After seven years in the personal finance business, Tony continued his "education" by selling cars for a short while, learning about trading vehicles, "horse trading," and dealing with people.

Meanwhile, older brother Obie Lavespere worked as a logging contractor, in the pre-mechanized transition days of power saws, short wood, pole trailers, and backbreaking (literally) muscle work on the ground. Tony went to work for Obie as a log cutter.

"About the time I got good at it, I got a tree on me," Tony said, for an injury that kept him 42 days in bed. After a long recuperation, Tony went back to the woods, and in no more than three days a tree whacked him in the back, thus ending his career as a log cutter.

Next, around 1983, Tony bought a shortwood truck from Al Sanders of D'Ortego in Grant Parish. It was "one truck and a dream," Tony said of the venture which ultimately built into the present Lavespere Logging, Inc.

He pulled shortwood pulpwood on a rack trailer, then around 1985 added a pole trailer and worked for Murry Purvis, a wood buyer at Verda, then with Gary Bedgood, a contractor at Fairview-Alpha in Natchitoches parish.
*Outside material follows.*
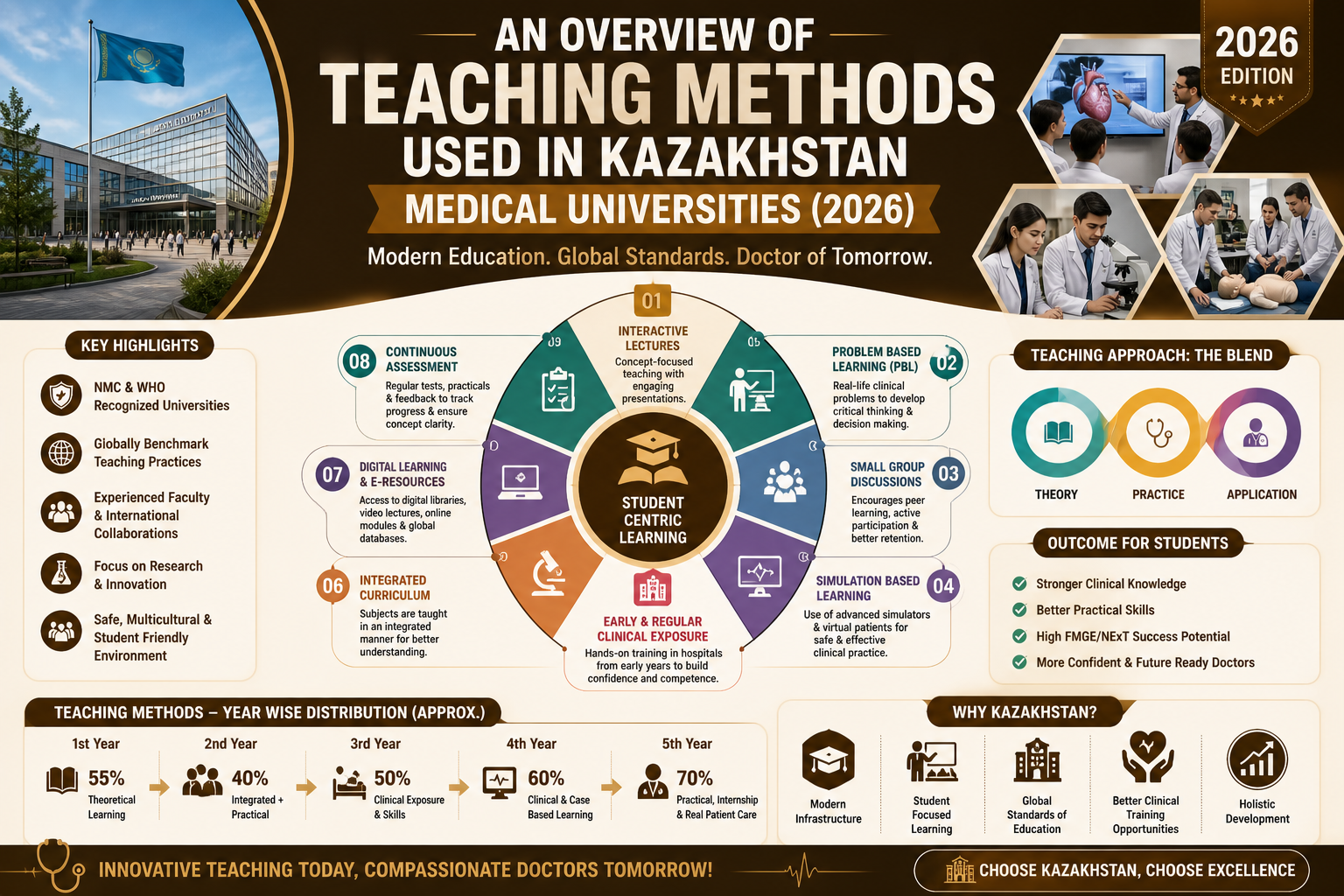 An overview of teaching methods used in Kazakhstan Medical Universities (2026 year)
Bedgood lost most of his equipment in a fire, after which Lavespere and Bedgood pooled their trucks, and continued together for awhile. They decided to separate, and Lavespere got a skidder and loader, and began hauling for Martin Timber Co. at Castor, working for now-retired forester Bill Wieger.

Lavespere Logging grew, later hauling for Willamette Industries for 11 years, then for Weyerhaeuser after the acquisition.

At one point, Tony considered shutting down and retiring, but at a wiry, experienced mid-fiftyish, comfortable spot in his career, with his "family" of veteran crew members counting on jobs, he got back in September, 2002 with a contract with T.L. James & Co., logging their Crowell Land & Timber plantations in Central Louisiana.

That's where we caught up with Tony last month. The 93,000-plus acres managed by T.L. James' Ron Chance is a picture-perfect example of first-class plantation forestry. From a single hilltop, the view is of a clear-cut in the foreground, with the ground clean enough to plant turnip greens after the Lavespere Logging harvest. In the middle range is an even-age stand of loblollys of perhaps ten years, not quite ready for first thinning, to the far right another taller stand which could have been second-thinned not too long ago, and to the far left, a mature grove of beautiful, tall, straight pines of the type the Lavespere crew has just finished hauling to several mills in North and Central Louisiana for conversion to plywood and top grade lumber.

From the conversation, the forest is also managed for wildlife habitat, including deer, as Tony points toward the famous "Bird Camp" hunting lodge in the distance. (We are standing just off Bird Camp Road, at the Lavespere logging set where a skidder is piling logs for a loader, which fills the long double-bunk trailers for delivery to mills.

The Lavespere woods operation includes skidder operators Tony Lavespere, Jr., Bobby Yelverton, and Bobby Dubois; shear operators John McLaren, and Tony himself; stroke delimber operator Jody Lavespere; loader operators Kenneth Gillespie and Stacy Lafollette; sawhand Jack DuBois; and truck drivers Obie Lavespere, a member of the firm, Deion Oglesby, E.H. Lashley, Kenneth Chandler, and Wayne Attenberger.

In addition to logging, Tony is on the board of Louisiana Logging Council, a director of Vanguard Syn-Fuels at Pollock, a member of American Logging Council, and actively promotes reforestation, wildlife, and environmentally sound forestry. He is a Master Logger, and all his crew members are trained in first aid, safety, and Best Management Practices.

For recreation, Tony and Obie and their wives enjoy trips by motorhome to the NASCAR races at Talledega and other locations.